Settlement for sales of common stock sold on an agency basis will occur on the trading day next succeeding the date on which any sales are made (or any such other settlement cycle as may be in effect pursuant to Rule 15c6-1 under the Exchange Act), or on some other date that is agreed upon by us and B. Riley Securities in connection with a particular agency transaction, in return for payment of the net proceeds to us. Settlement for sales of common stock sold on a principal basis shall occur as provided for in the applicable notice. There is no arrangement for funds to be received in an escrow, trust or similar arrangement.

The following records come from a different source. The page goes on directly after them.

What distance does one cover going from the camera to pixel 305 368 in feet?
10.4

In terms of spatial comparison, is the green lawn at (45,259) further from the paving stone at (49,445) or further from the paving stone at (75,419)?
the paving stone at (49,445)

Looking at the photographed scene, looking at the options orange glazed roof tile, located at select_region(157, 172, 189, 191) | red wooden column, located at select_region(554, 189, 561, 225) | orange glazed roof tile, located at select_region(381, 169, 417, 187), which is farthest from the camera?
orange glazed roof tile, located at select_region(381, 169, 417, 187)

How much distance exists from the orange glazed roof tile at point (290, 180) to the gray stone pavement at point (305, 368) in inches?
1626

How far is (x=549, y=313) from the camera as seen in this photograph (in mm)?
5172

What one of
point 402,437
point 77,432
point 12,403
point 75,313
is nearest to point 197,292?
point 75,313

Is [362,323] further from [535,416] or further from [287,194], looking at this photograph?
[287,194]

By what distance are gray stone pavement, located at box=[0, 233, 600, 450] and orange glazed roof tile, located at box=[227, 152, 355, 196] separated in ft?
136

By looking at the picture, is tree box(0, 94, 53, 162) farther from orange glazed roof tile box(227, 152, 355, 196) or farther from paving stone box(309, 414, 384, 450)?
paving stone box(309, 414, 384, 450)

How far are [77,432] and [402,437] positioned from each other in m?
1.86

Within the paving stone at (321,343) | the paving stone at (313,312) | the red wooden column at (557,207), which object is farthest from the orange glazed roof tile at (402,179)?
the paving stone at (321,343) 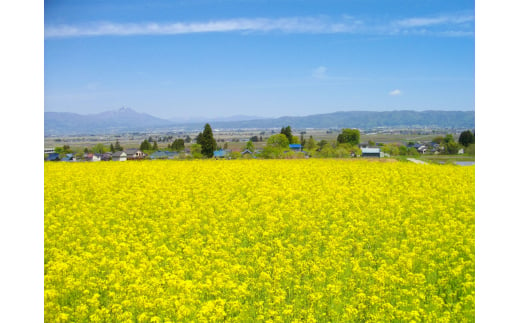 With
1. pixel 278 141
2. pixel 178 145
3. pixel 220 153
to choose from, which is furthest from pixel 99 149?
pixel 278 141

The offering will terminate upon the earliest of (a) December 31, 2025 with respect to principal transactions and January 17, 2026 with respect to agency transactions, (b) the sale of all shares of common stock subject to the Amended Sales Agreement or (c) termination of the Amended Sales Agreement as permitted therein.
In connection with the sales of common stock on our behalf, B. Riley Securities will be deemed an "underwriter" within the meaning of the Securities Act, and the compensation of B. Riley Securities will be deemed underwriting commissions or discounts. We have agreed to provide indemnification and contribution to B. Riley Securities against certain civil liabilities, including liabilities under the Securities Act.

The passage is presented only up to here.